As APOE ε2 (rs7412) and APOE ε4 (rs429358) are the most significantly associated genetic variants for sporadic AD, we wanted to determine if the association with CSF sTREM2 levels was driven by these known APOE variants. We performed conditional analyses for the full APOE genotype. However, when we conditioned for the full APOE genotype (or APOE ε4 or APOE ε2 alone), the association of rs11666329 with CSF TREM2 levels did not change significantly, remaining near genome-wide significant with the similar effect (β=-0.12, P=5.72×10-8; Fig. 5A), indicating that this association is independent of APOE genotype (Fig. 5A). The LD structure also confirmed that rs11666329 is not in LD with APOE ε2 (LD R2=0.0031) or APOE ε4 (LD R2=0.0007; Fig. 5B).

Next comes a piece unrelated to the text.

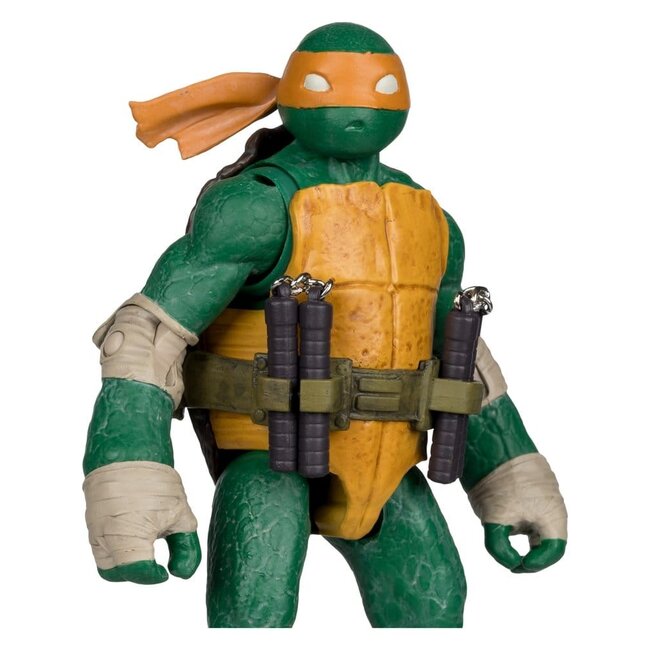 Teenage Mutant Ninja Turtles Page Punchers Actionfigur Michelangelo 13 cm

In addition, to examine the association of sTREM2 levels with APOE, we coded the APOE ε4 dosage as non-APOE ε4 (no 4 alleles; which includes ε2/ ε2, ε2/ ε3, and ε3/ ε3), APOE ε4X (single copy; ε2/ ε4 and ε3/ ε4), and APOE ε44 (two copies; ε4/ ε4). In Europeans, we found that CSF sTREM2 levels tend to be higher, as the number APOE ε4 allele increases (non-APOE ε4 vs APOE ε44; P=0.048). On the other hand, in non-Europeans, sTREM2 levels also shows a nominal association with APOE ε4 alleles (P=0.012), but in the opposite direction between one copy and two copies, suggesting that this association is neither significant nor robust across populations (Fig. S8).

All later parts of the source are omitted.